• Problem requirements: Any images in the records should be skipped; transcribe the rest exactly.

• Data for this exercise:
-- -- --
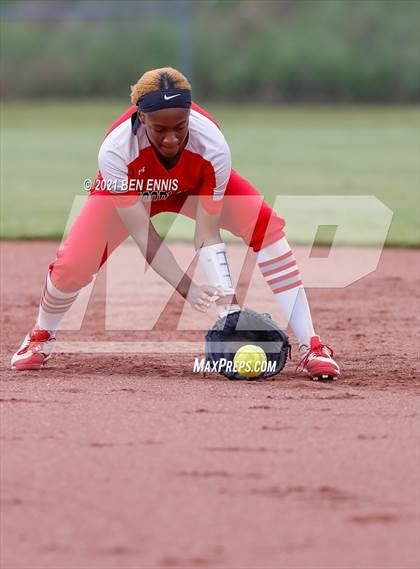 Thumbnail 2 in Woodland vs Hampton photogallery.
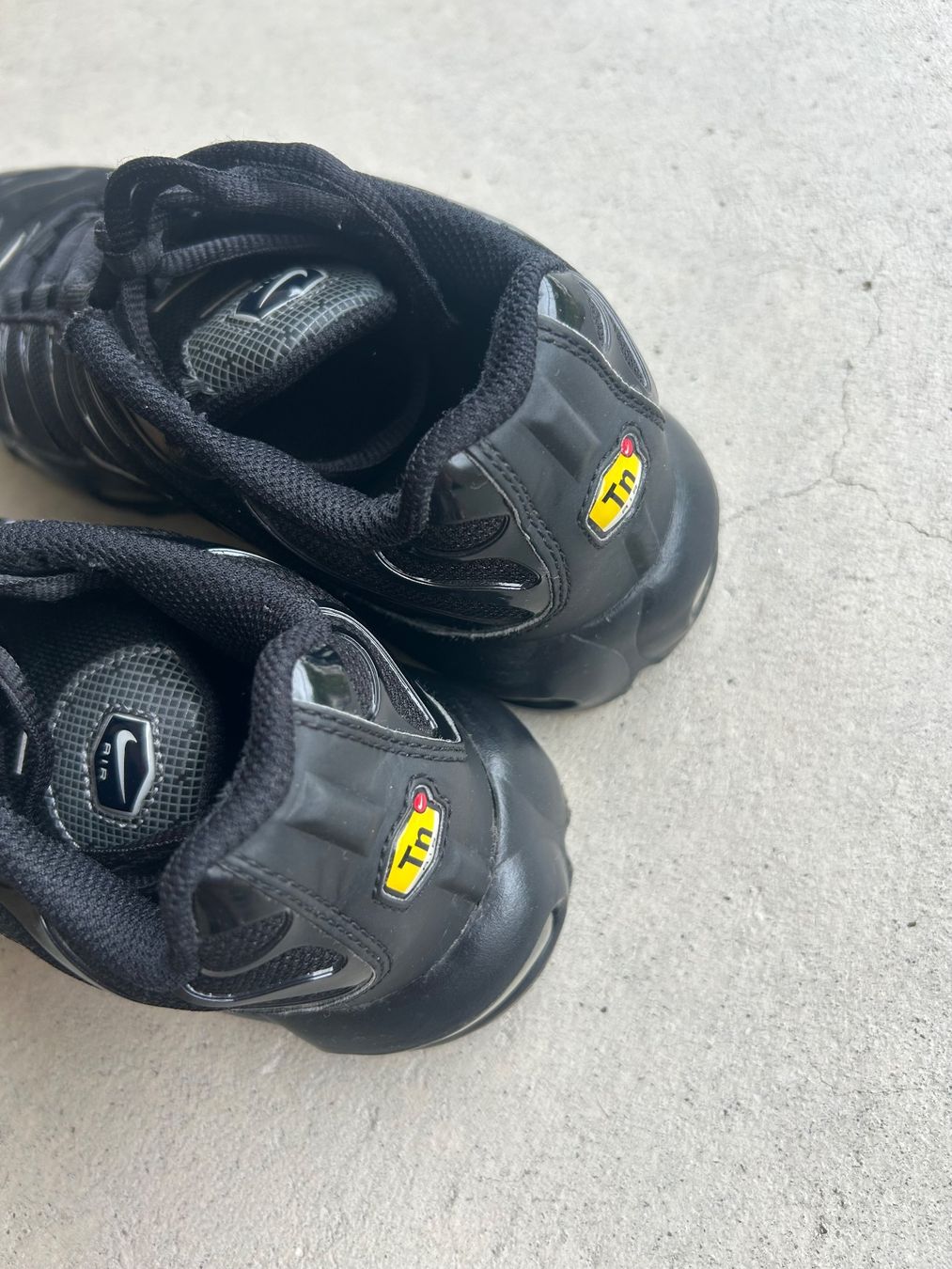 Nike Herrenschuhe: Nike Air Max Plus TN (black) – Gebraucht aus Liestal von Blueberrymuffin._ 4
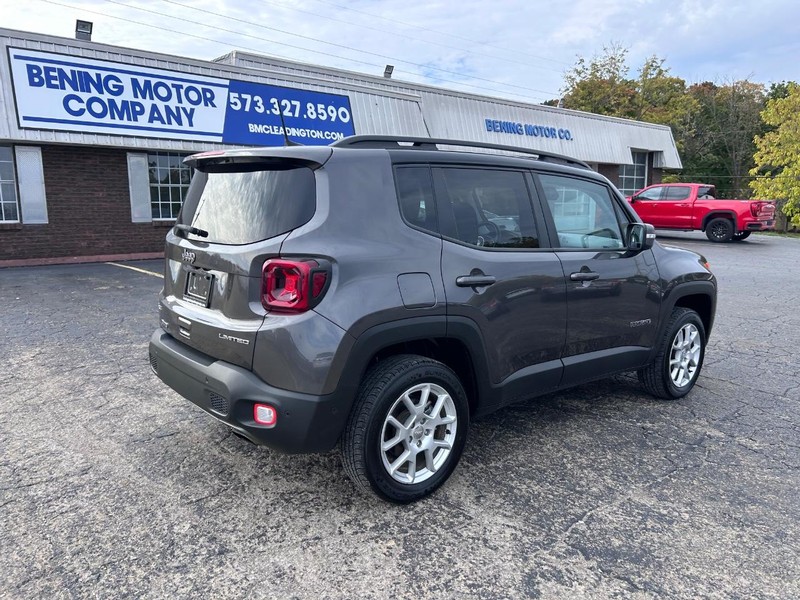 Jeep Renegade Vehicle Image 03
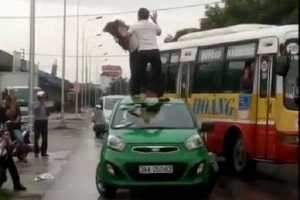 Hải Dương: Lái xe Taxi đánh cô gái khi trèo lên nóc xe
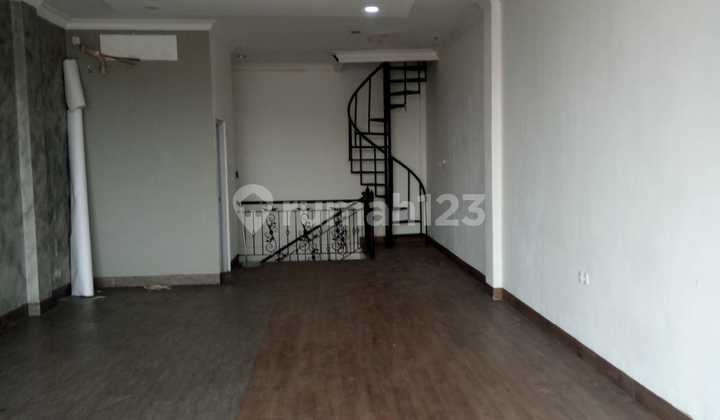 Good 4½ Story Shop House in a Strategic Location at Pejaten, Pasar Minggu - South Jakarta 2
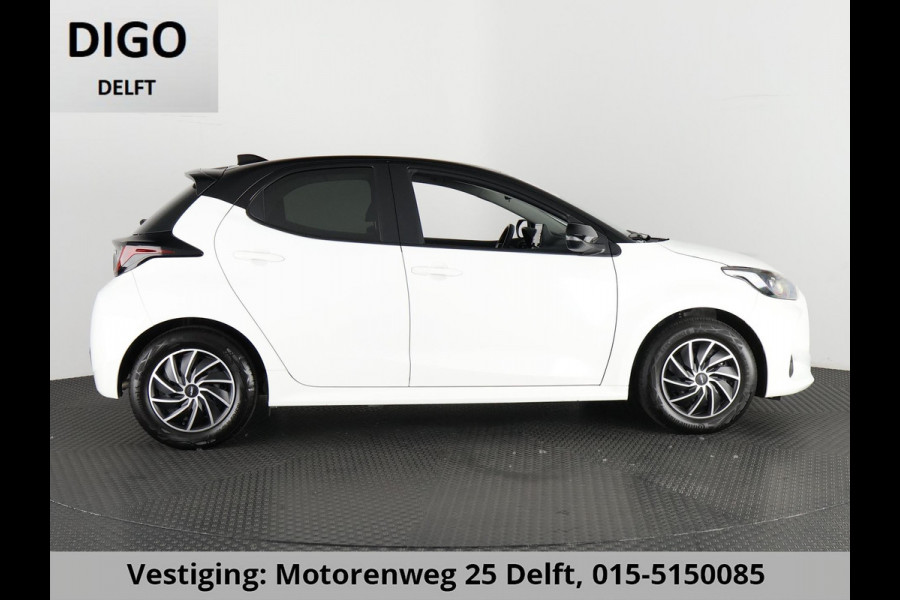 Toyota Yaris 1.5 HYBRIDE BLACK & WHITE GARANTIE 3-2034 AUTOMAAT. CLOUD NAVI. SLECHTS 17.000 KM. Toyota Yaris 1.5 HYBRIDE BLACK & WHITE GARANTIE 3-2034 AUTOMAAT. CLOUD NAVI. SLECHTS 17.000 KM.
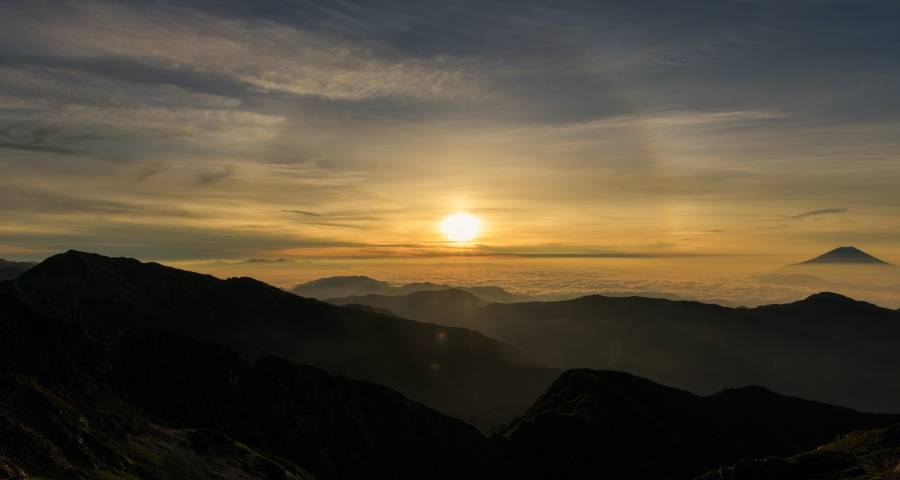 最近家电故事多：苏宁国美东奔西跑，美的格力TCL进化蜕变-家电圈官网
-- -- --
• Written solution:
 Thumbnail 2 in Woodland vs Hampton photogallery.
 Nike Herrenschuhe: Nike Air Max Plus TN (black) – Gebraucht aus Liestal von Blueberrymuffin._ 4
 Jeep Renegade Vehicle Image 03
 Hải Dương: Lái xe Taxi đánh cô gái khi trèo lên nóc xe
 Good 4½ Story Shop House in a Strategic Location at Pejaten, Pasar Minggu - South Jakarta 2
 Toyota Yaris 1.5 HYBRIDE BLACK & WHITE GARANTIE 3-2034 AUTOMAAT. CLOUD NAVI. SLECHTS 17.000 KM. Toyota Yaris 1.5 HYBRIDE BLACK & WHITE GARANTIE 3-2034 AUTOMAAT. CLOUD NAVI. SLECHTS 17.000 KM.
 最近家电故事多：苏宁国美东奔西跑，美的格力TCL进化蜕变-家电圈官网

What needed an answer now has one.